>>>
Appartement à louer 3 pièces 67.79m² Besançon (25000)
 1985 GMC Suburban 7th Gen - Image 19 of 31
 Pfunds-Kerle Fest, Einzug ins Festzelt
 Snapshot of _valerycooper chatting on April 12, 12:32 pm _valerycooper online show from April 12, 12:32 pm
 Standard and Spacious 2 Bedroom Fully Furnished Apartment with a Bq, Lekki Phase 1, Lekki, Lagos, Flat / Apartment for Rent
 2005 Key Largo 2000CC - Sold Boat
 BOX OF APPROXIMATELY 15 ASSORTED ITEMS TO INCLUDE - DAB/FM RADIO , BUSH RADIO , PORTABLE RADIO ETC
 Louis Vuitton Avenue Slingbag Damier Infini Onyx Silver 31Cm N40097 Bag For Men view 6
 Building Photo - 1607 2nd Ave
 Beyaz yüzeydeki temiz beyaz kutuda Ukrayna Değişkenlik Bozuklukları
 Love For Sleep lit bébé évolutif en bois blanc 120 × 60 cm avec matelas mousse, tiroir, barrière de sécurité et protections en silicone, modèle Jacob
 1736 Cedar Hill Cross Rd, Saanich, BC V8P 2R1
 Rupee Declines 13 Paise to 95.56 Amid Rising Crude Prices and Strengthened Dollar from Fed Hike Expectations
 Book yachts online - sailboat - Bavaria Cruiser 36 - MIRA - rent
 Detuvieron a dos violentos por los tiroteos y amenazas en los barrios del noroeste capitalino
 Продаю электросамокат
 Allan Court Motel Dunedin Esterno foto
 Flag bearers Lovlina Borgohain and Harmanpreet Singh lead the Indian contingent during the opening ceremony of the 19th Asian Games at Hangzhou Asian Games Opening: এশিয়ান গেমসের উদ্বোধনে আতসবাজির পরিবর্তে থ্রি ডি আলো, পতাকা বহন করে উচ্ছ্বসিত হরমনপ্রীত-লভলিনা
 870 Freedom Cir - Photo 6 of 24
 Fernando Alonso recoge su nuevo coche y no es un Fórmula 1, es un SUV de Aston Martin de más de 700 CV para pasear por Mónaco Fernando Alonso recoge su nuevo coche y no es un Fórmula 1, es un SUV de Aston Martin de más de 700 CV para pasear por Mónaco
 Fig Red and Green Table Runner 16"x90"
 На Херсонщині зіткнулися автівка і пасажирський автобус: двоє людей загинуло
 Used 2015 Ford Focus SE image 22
<<<
Aim of the task:
Copy whichever lines above contain the string "Photo".

Solution for this problem:
 Building Photo - 1607 2nd Ave
 870 Freedom Cir - Photo 6 of 24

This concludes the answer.